EXERCISE MATERIALS —
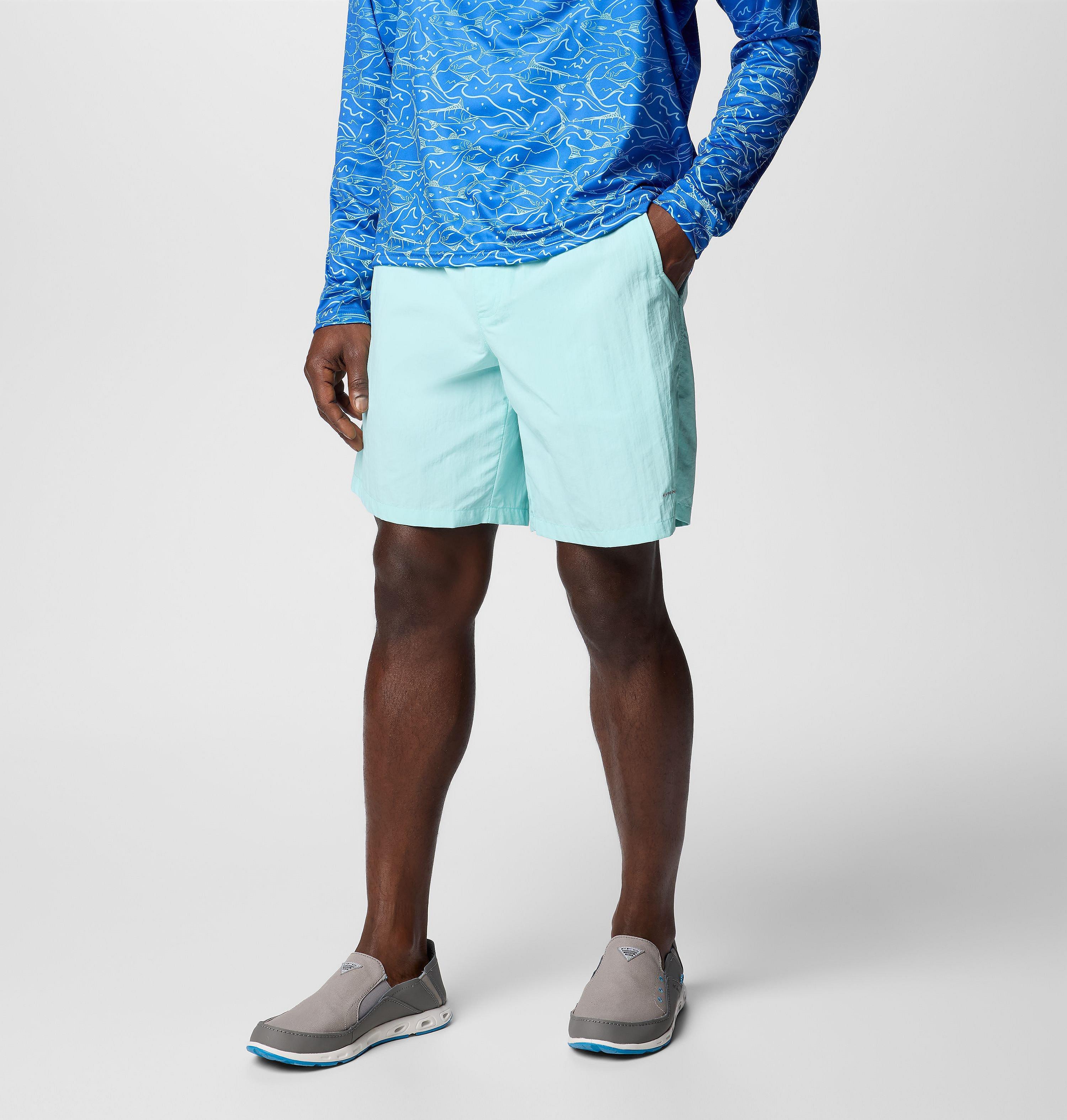 Men's PFG Backcast IV Water Shorts 4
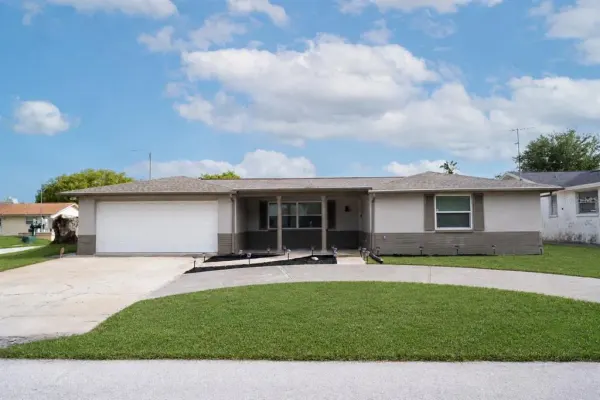 7715 Foxbloom Drive, Port Richey, FL, 34668
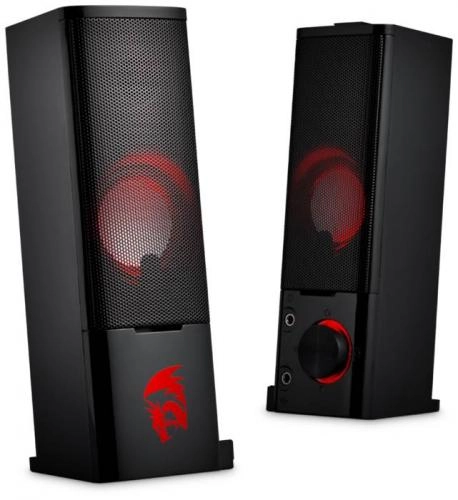 Redragon Orpheus kompyuter akustikasi O'zbekistonda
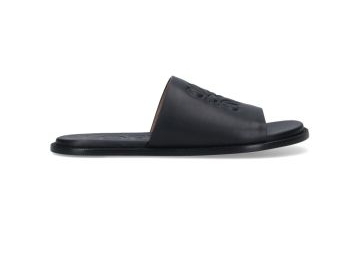 LOEWE PAULA'S IBIZA Sandals Black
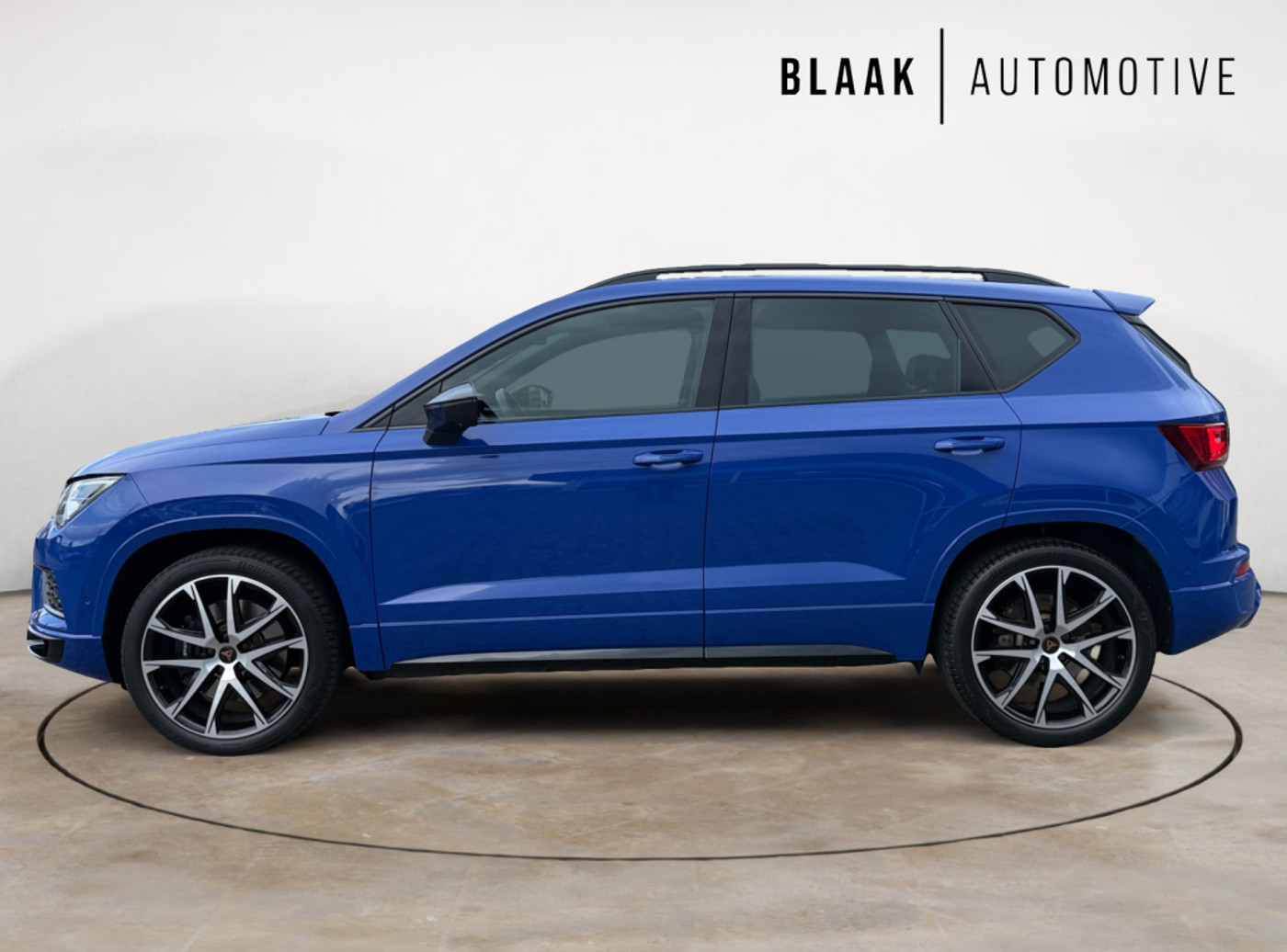 Foto van Cupra Ateca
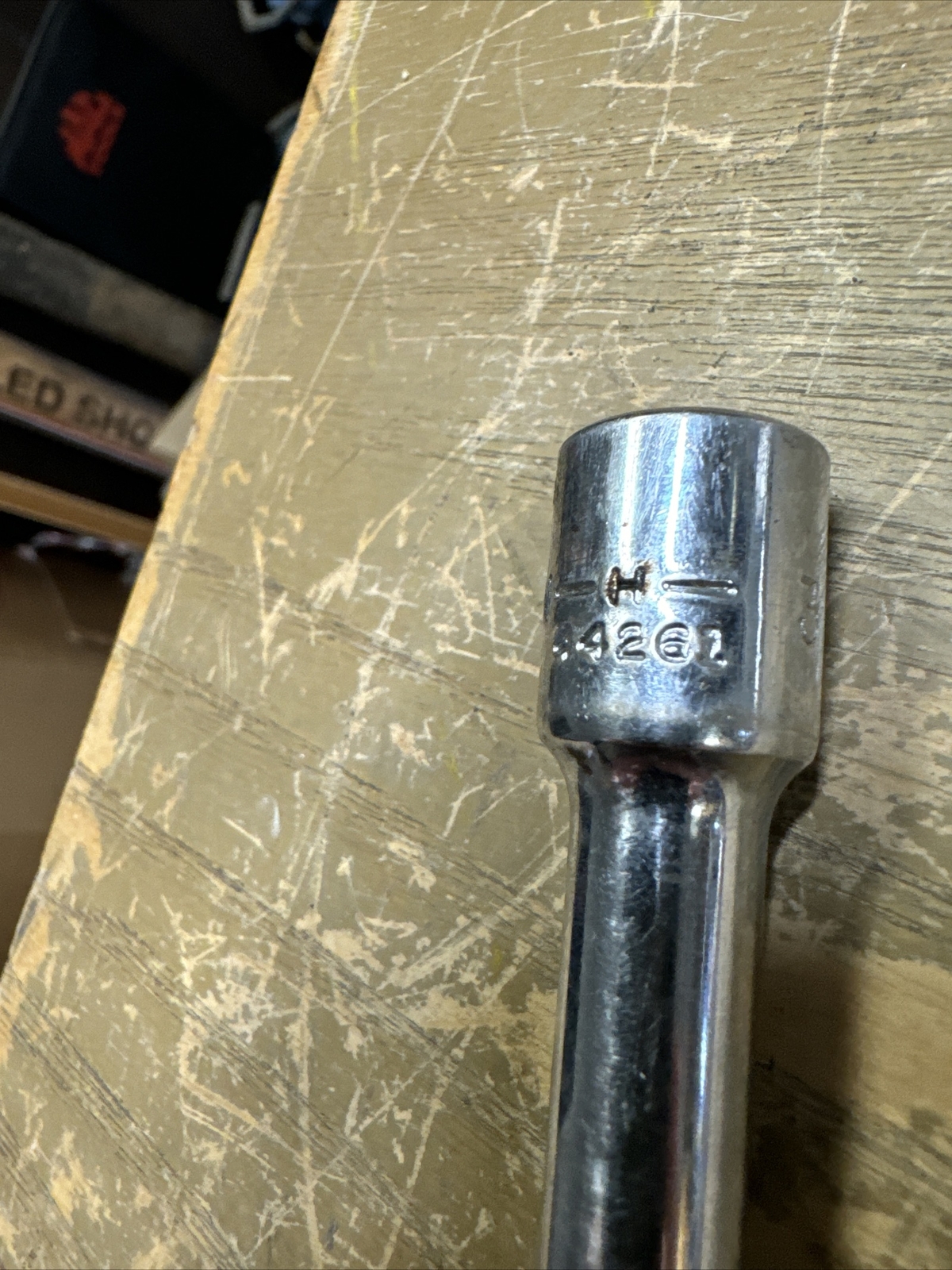 Craftsman USA 3/8″ Drive 6″ Inch Socket Bar Extension 44261 G Series 22JS2057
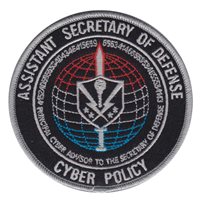 ASD Cyber Policy Patch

WHAT IS BEING ASKED —
Give back every entry in full, exactly as written, with no picture included.

RESULT FOR THIS EXERCISE —
 Men's PFG Backcast IV Water Shorts 4
 7715 Foxbloom Drive, Port Richey, FL, 34668
 Redragon Orpheus kompyuter akustikasi O'zbekistonda
 LOEWE PAULA'S IBIZA Sandals Black
 Foto van Cupra Ateca
 Craftsman USA 3/8″ Drive 6″ Inch Socket Bar Extension 44261 G Series 22JS2057
 ASD Cyber Policy Patch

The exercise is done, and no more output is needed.